Please copy the data exactly as it stands, minus the images.

**Supplied data**
◇ ◇ ◇
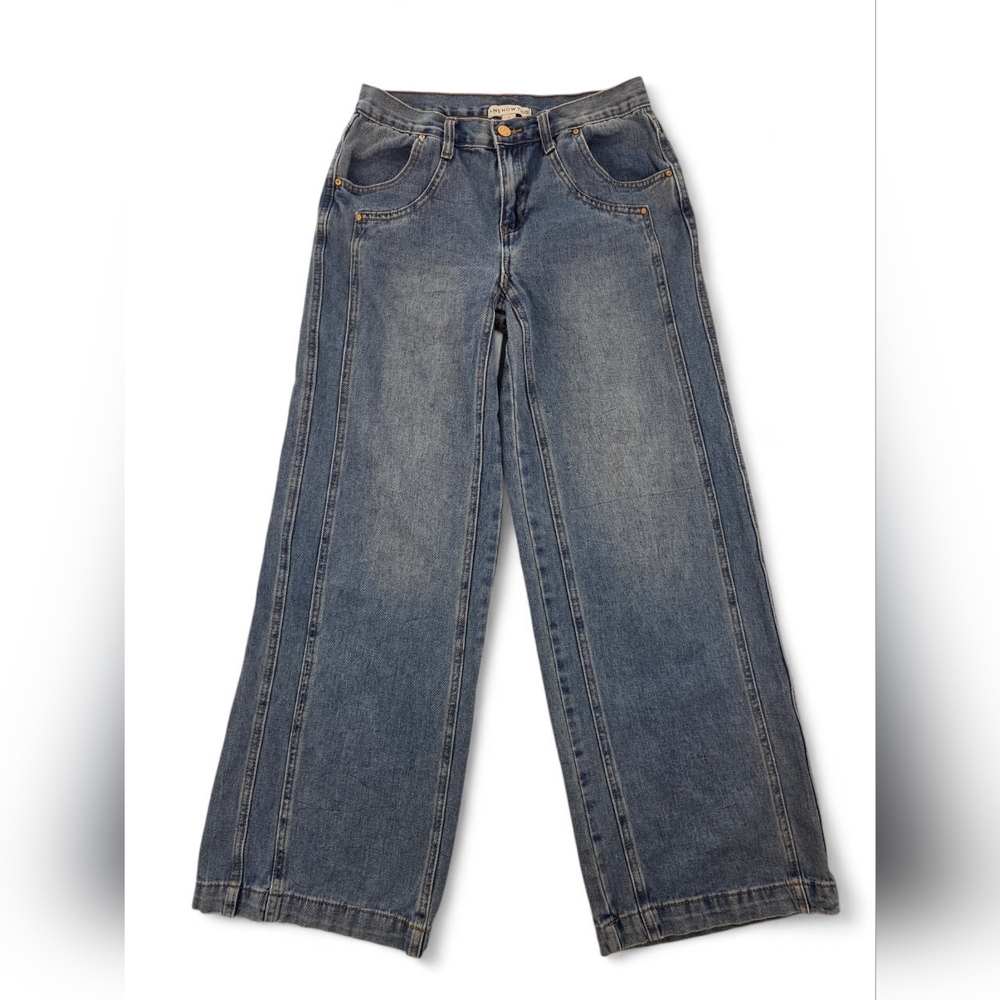Reinforced Panels Style Mid Rise Wide Leg Cropped Ankle Jeans Size 25 90s Y2K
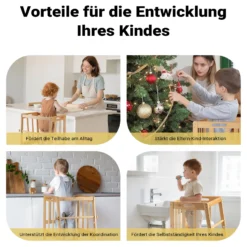 Wiltec Kinderstuhl Lernturm 57 x 46 x 90 cm aus Bambus, Lernstuhl für Kinder mit Geländer, Stehturm mit Schutzstab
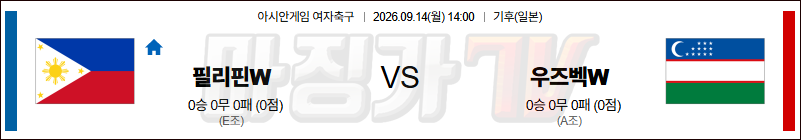 2026-09-14 아시안게임 여자축구 필리핀 우즈베키스탄 해외축구분석 무료중계 스포츠분석 관련 이미지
◇ ◇ ◇
**Answer below**
Reinforced Panels Style Mid Rise Wide Leg Cropped Ankle Jeans Size 25 90s Y2K
 Wiltec Kinderstuhl Lernturm 57 x 46 x 90 cm aus Bambus, Lernstuhl für Kinder mit Geländer, Stehturm mit Schutzstab
 2026-09-14 아시안게임 여자축구 필리핀 우즈베키스탄 해외축구분석 무료중계 스포츠분석 관련 이미지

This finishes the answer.